Rejet d’une partie des charges
L’affaire n’aura d’ailleurs pas démarré sous les meilleurs augures. En septembre 2019, les juges ont rejeté une partie des charges proposées par le procureur contre Patrice-Edouard Ngaïssona, pour des crimes commis dans certaines localités. Pour les magistrats, les éléments anti-balaka « avaient un haut degré d’autonomie opérationnelle », et dans certaines localités, M. Ngaïssona n’avait pas de contrôle sur leurs actions criminelles. L’une des difficultés de l’affaire est que « personne n’a d’expertise sur la coordination entre les mouvements anti-balaka », estime une source judiciaire, qui précise que « la seule fois où ils ont été coordonnés, c’est lorsqu’ils ont pris Bangui » en décembre 2013.
Patrice-Edouard Ngaïssona devient alors ministre de la Jeunesse et des sports. Il est arrêté en janvier 2019, lors d’un voyage en France. Élu député en 2016, six mois après avoir été frappé de sanctions par les Nations unies, Alfred Yekatom a été arrêté en flagrant délit fin octobre 2018, dans l’enceinte même du Parlement, après avoir tiré deux coups de feu. « Il était longtemps considéré comme un trop petit poisson pour être intéressant, indique cette même source, mais son arrestation fut une opportunité » pour la Cour. Lors des premières audiences du procès, prévues du 16 au 18 février, le procureur étayera les preuves sur lesquels il entend s’appuyer dans les prochains mois. Le premier témoin devrait déposer mi-mars. Au total, l’accusation prévoit d’appeler quelques 150 témoins.
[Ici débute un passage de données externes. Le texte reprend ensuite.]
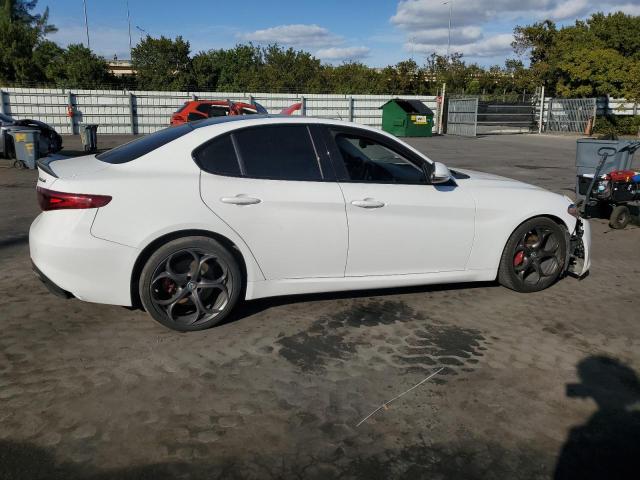 ALFA ROMEO GIULIA TI 2018 white  gas ZARFAECNXJ7580478 photo #4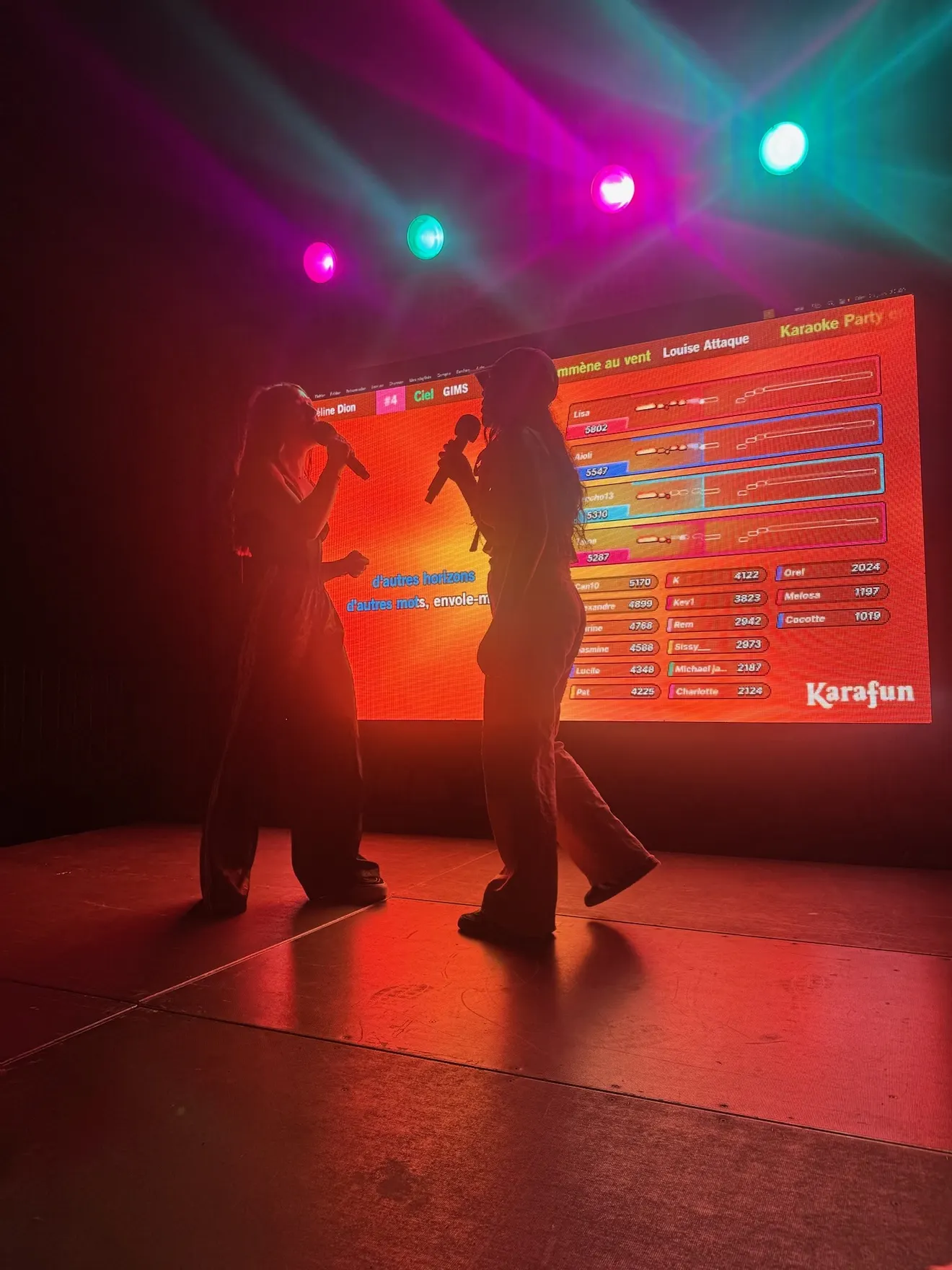 Deux candidates s’affrontent en Battle Voice devant l’écran des scores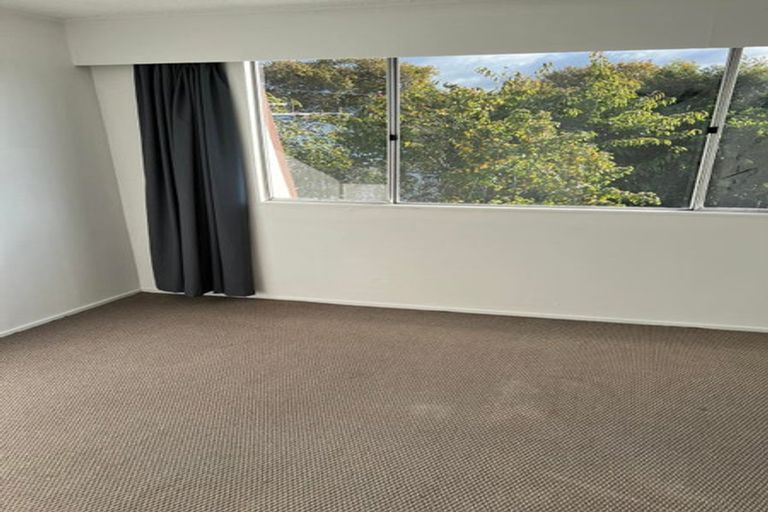 Photo of property in 8a Wainui Road, Waiwhetu, Lower Hutt, 5010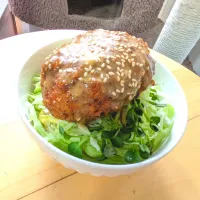 がっつりキャベツ入り鶏ミンチカツ丼✽辛子胡麻だれ|mi_neneco♪さん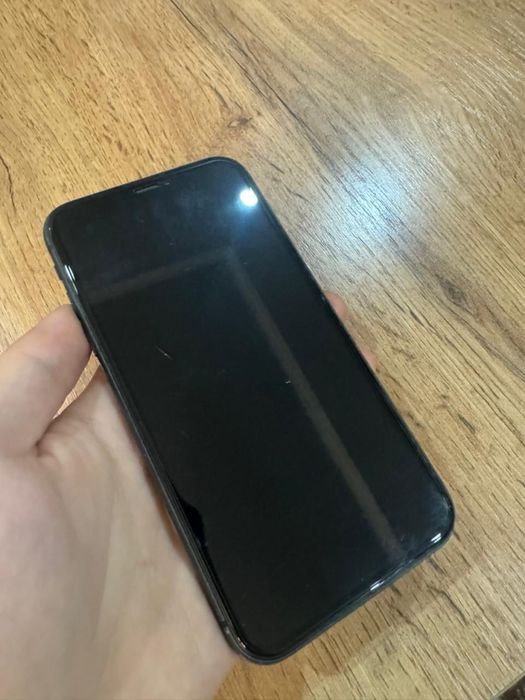 iPhone 11 черный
La procureure avait ouvert une enquête sur les crimes commis entre 2012 et 2014 à la demande du gouvernement centrafricain. Fatou Bensouda avait assurée, dès le départ, que des responsables des deux camps – anti-balaka et Seleka – seraient poursuivis. Le 24 janvier, Mahamat Saïd, commandant dans la Seleka, était transféré dans la prison de la CPI à La Haye.